**** Supplied data ****
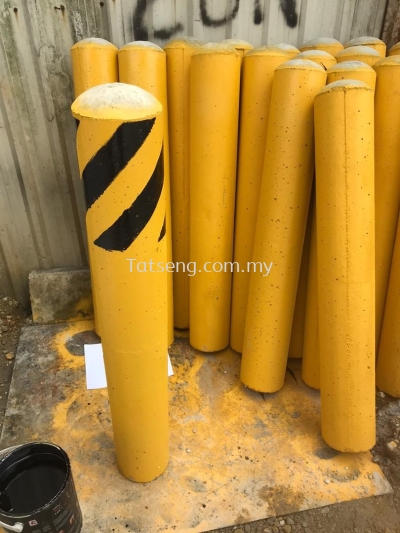 Concrete Bollard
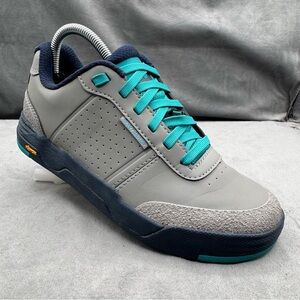 Bontrager Flatline Women’s Size 7.5 MTB Shoes Gravel Teal Vibram Sole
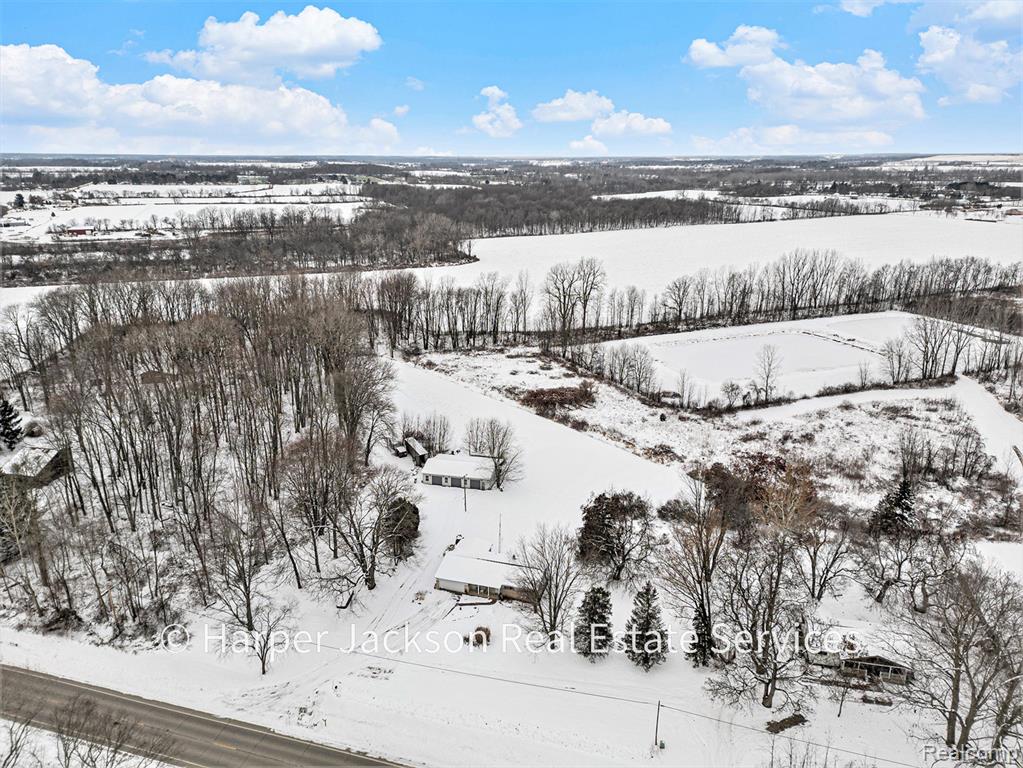 11637 E Lansing Road, Durand, MI 48429 — Photo 37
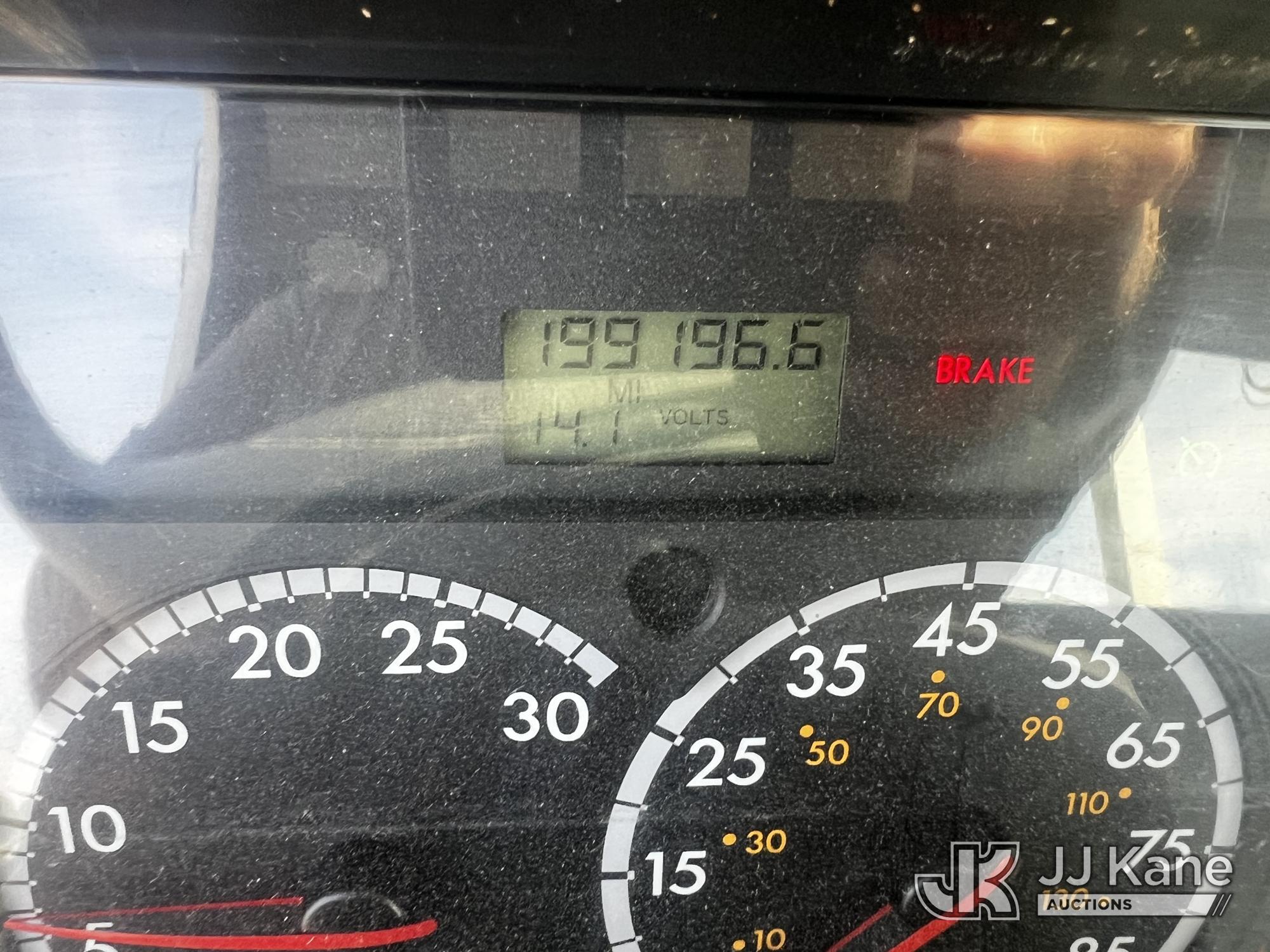 2015 Freightliner M2 106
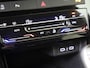 Volkswagen T-Cross 1.0 TSI R-Line | Achteruitrijcamera | Digital cockpit Pro | Adaptieve cruise control | Lane assist | Sfeerverlichting | Navigatie | Carplay |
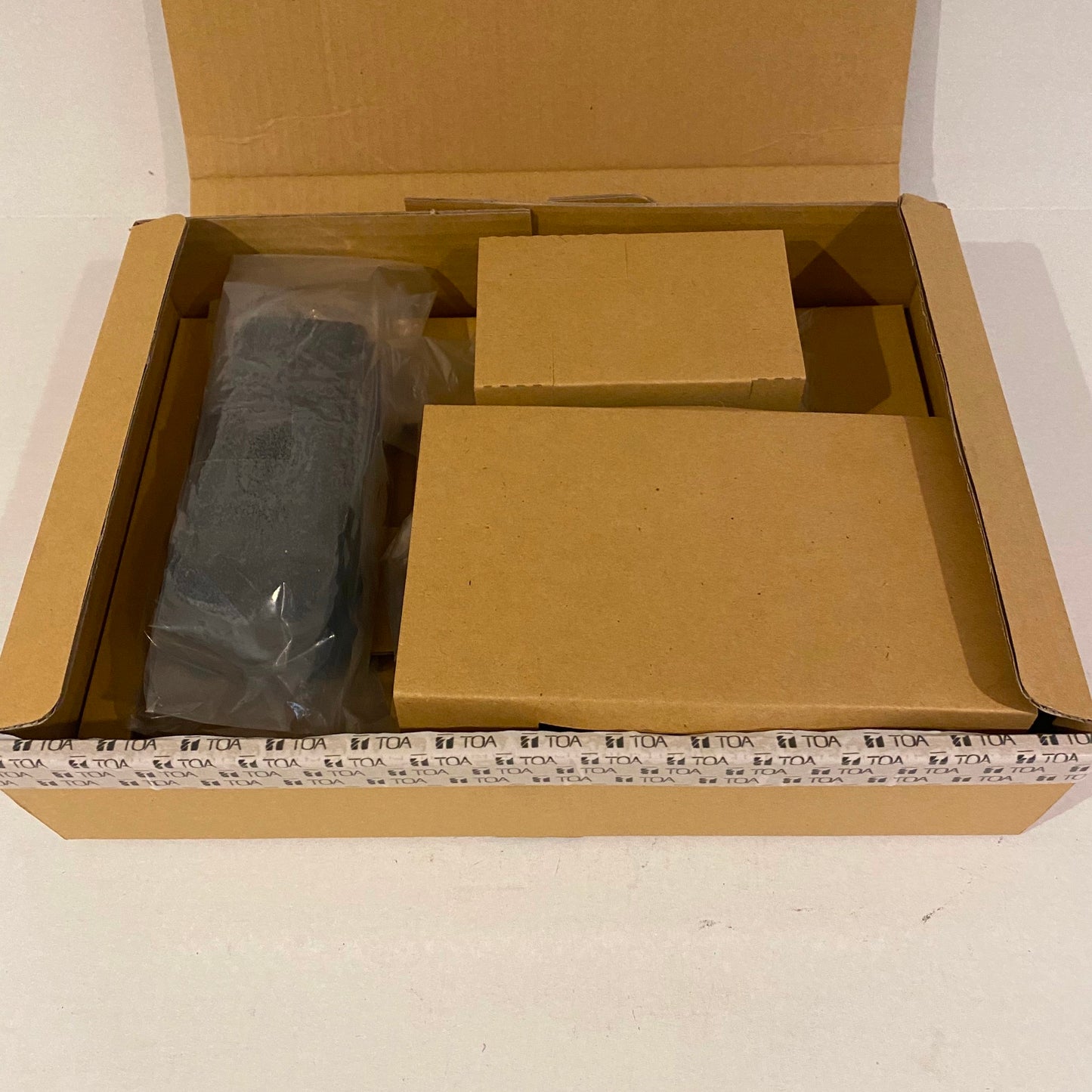 TOA UHF Headset Microphone & Wireless Transmitter - WM-5320A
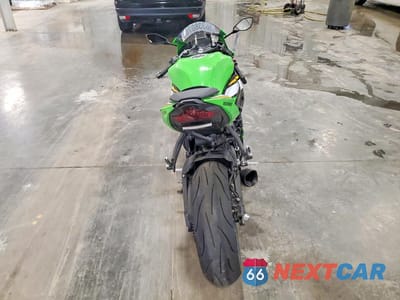 Czwarte zdjęcie samochodu z boku: 2025 KAWASAKI ZX636 K VIN:JKBZXJK14SA011021 - miniatura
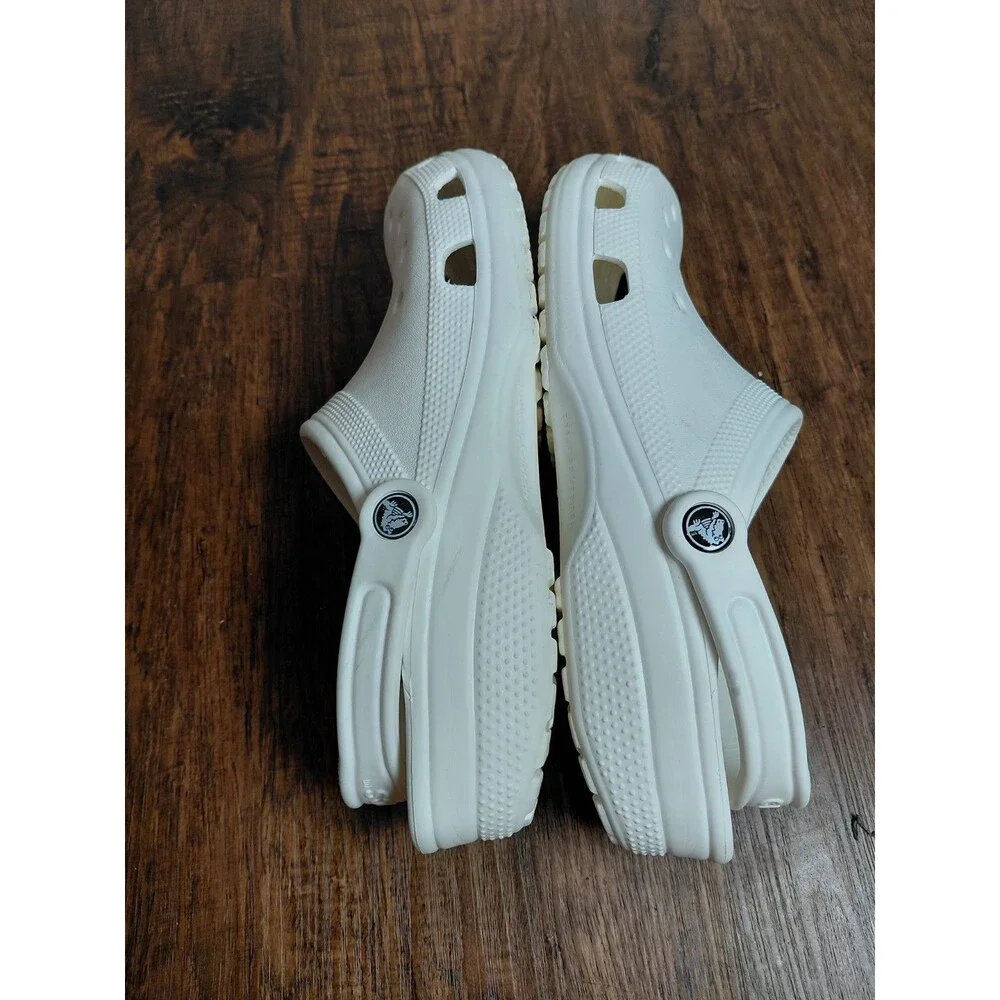 Crocs Classic Men Size 11 Sandals White Comfort Lightweight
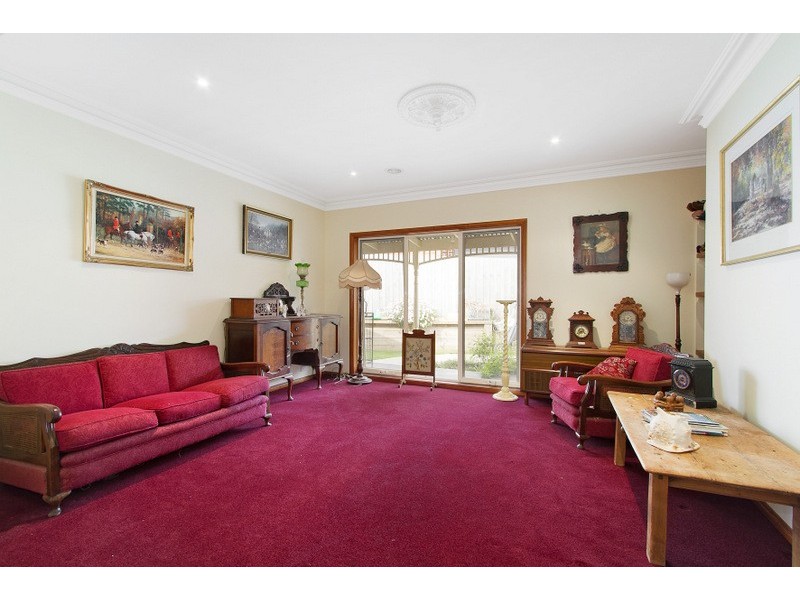 16 Briarwood Close, Garfield VIC 3814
****
__Task to complete__
Reproduce the whole of the data, word for word, and omit its pictures.

__Answer area__
 Concrete Bollard
 Bontrager Flatline Women’s Size 7.5 MTB Shoes Gravel Teal Vibram Sole
 11637 E Lansing Road, Durand, MI 48429 — Photo 37
 2015 Freightliner M2 106
 Volkswagen T-Cross 1.0 TSI R-Line | Achteruitrijcamera | Digital cockpit Pro | Adaptieve cruise control | Lane assist | Sfeerverlichting | Navigatie | Carplay |
 TOA UHF Headset Microphone & Wireless Transmitter - WM-5320A
 Czwarte zdjęcie samochodu z boku: 2025 KAWASAKI ZX636 K VIN:JKBZXJK14SA011021 - miniatura
 Crocs Classic Men Size 11 Sandals White Comfort Lightweight
 16 Briarwood Close, Garfield VIC 3814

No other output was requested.